Does this mean results will come out later than usual?

Yes.

The biggest factor that may slow things down this year is clear: Millions of Americans decided to vote by mail rather than risk contracting coronavirus at a polling place. And in general, those mail ballots take longer to count.

Election workers must remove the ballots from their envelopes, check for errors, sort them and flatten them — all before they can be run through scanners the moment polls close and be tabulated. In states with well-established vote-by-mail programs, this processing happens weeks before Election Day.
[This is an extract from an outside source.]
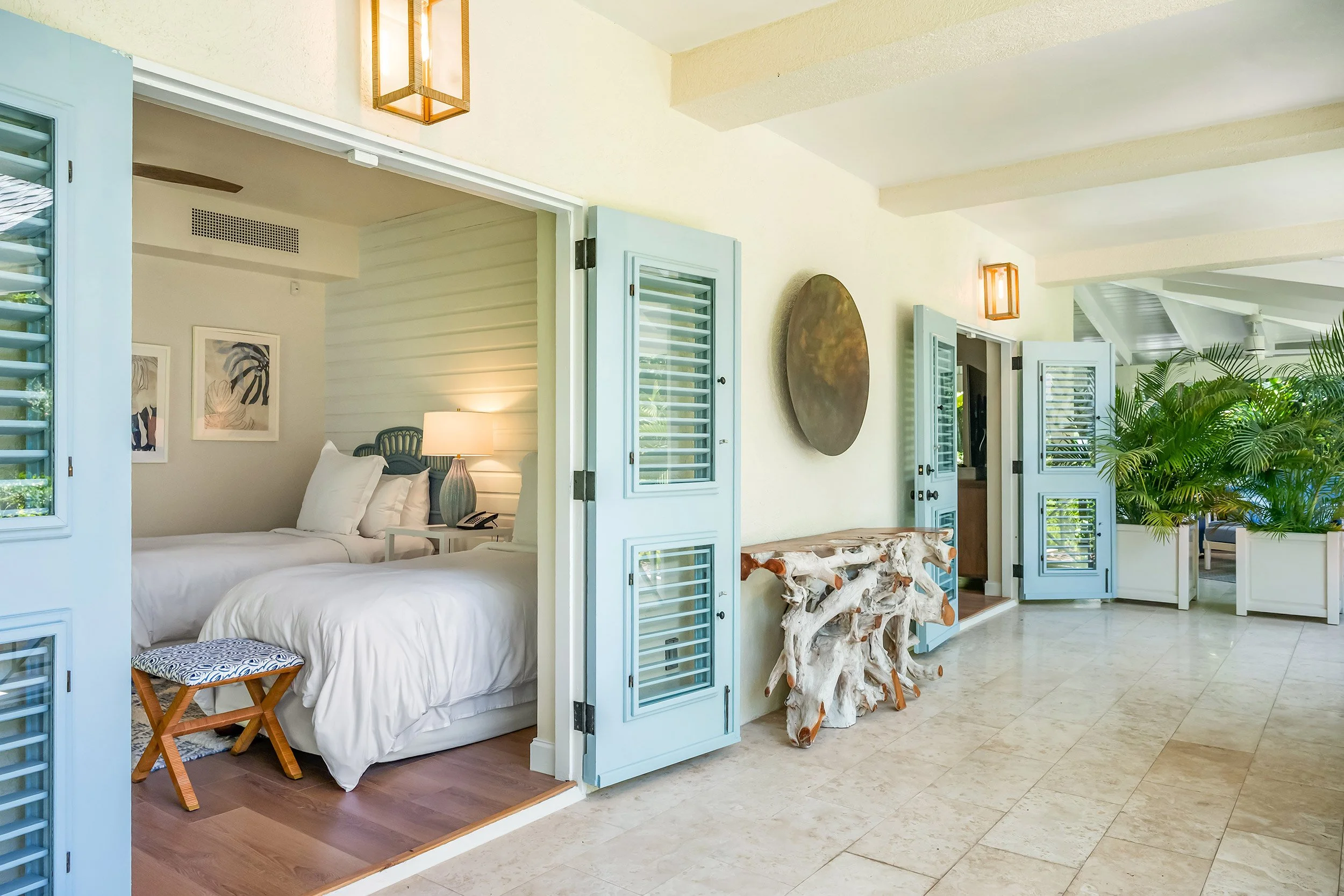 View of a bedroom with two beds, a nightstand with a lamp, and decorative artwork, separated from a living area with light blue shutters and a rustic wooden table, by blue shutters and door.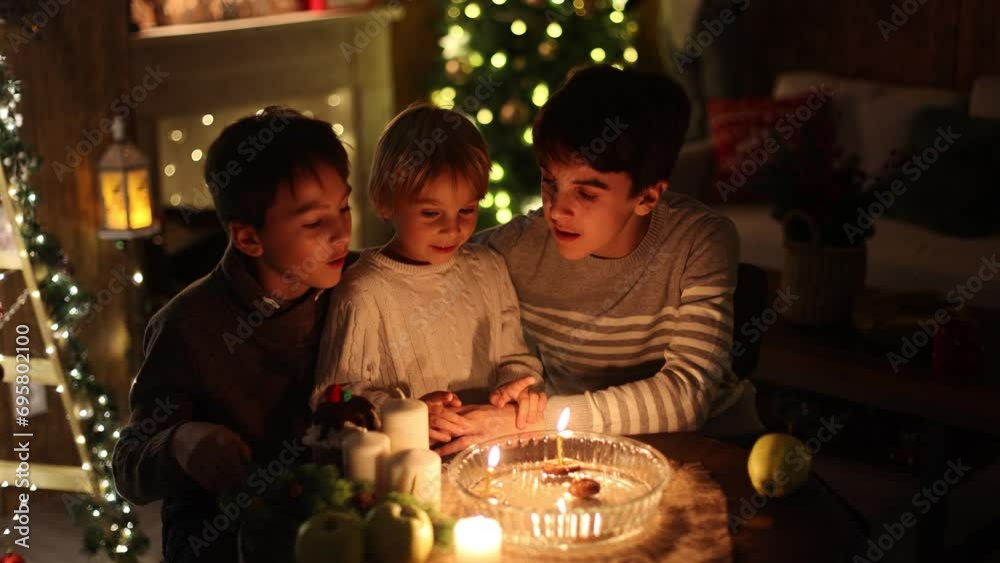 Three children, lighting candles in a nutshell, czech Christmas traditions, decorated room, family traditions Three children, lighting candles in a nutshell, czech Christmas traditions, decorated room, family traditions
The results are often released quickly.

But several states did not have this system in place before this year and laws on the books prohibited election officials from processing the ballots well in advance of Election Day. Without a head start, there's virtually no way to process and count all the mail votes on Election Day, while also counting all the in-person votes.

There are three important battlegrounds with restrictions on when the mail vote can be processed — Michigan, Pennsylvania and Wisconsin.

In those states, Republican-controlled legislatures have resisted pleas from election officials to update the laws to allow for a speedier count. (The Michigan legislature did allow processing to begin 24 hours before Election Day in cities, but election officials say that's not enough of a head start.) Instead, they will initially report in-person votes — expected to heavily favor Trump — and gradually update with the more Democratic-leaning mail ballots later.

But don't news organisations call a winner before all the vote is counted?

Yes, there's never been a presidential race in history in which all votes are counted on election night. It's just not physically possible to instantly count that many ballots — possibly as many as 150 million on the night of Nov. 3.

Media organizations, including The Associated Press, declare winners in thousands of races on election night based on the results that are in, voter surveys and other political data.

But in a close race, more of the vote may need to be counted before The Associated Press can call a winner.

Is there any hope for knowing the winner on election night?

Sure. Not all battleground states are slow-counting states. So if several key states release their results promptly, one candidate may have a majority of the electoral vote — even without knowing who won in Wisconsin, Pennsylvania or Michigan.

That becomes more likely if the races in those states are not close.

It's a scenario that puts a lot of eyes on Florida. The state allows its election offices to process mail ballots 22 days before the election. It's also the biggest swing state. As long as the race isn't too close — a big “if” in a place famous for tight races — there could be a close-to-complete count by midnight. And if Trump loses Florida, it's is very difficult for him to reach the 270 electoral votes he needs to defeat former Vice President Joe Biden and return to the White House.

Two other Southern battlegrounds — North Carolina and Georgia — also can begin processing mail ballots early. They are both considered critical states for Trump. However, unlike Florida, neither state has a record of handling a large number of mail ballots. It's unclear how quickly they will count those votes.

Finally, two Midwestern states — Iowa and Ohio — also allow for early processing of mail ballots. Trump won both states handily in 2016, but Democrats believe Biden is competitive there. Results in those two states on election night could give hints about what lies ahead in the critical Rust Belt states that take longer to count.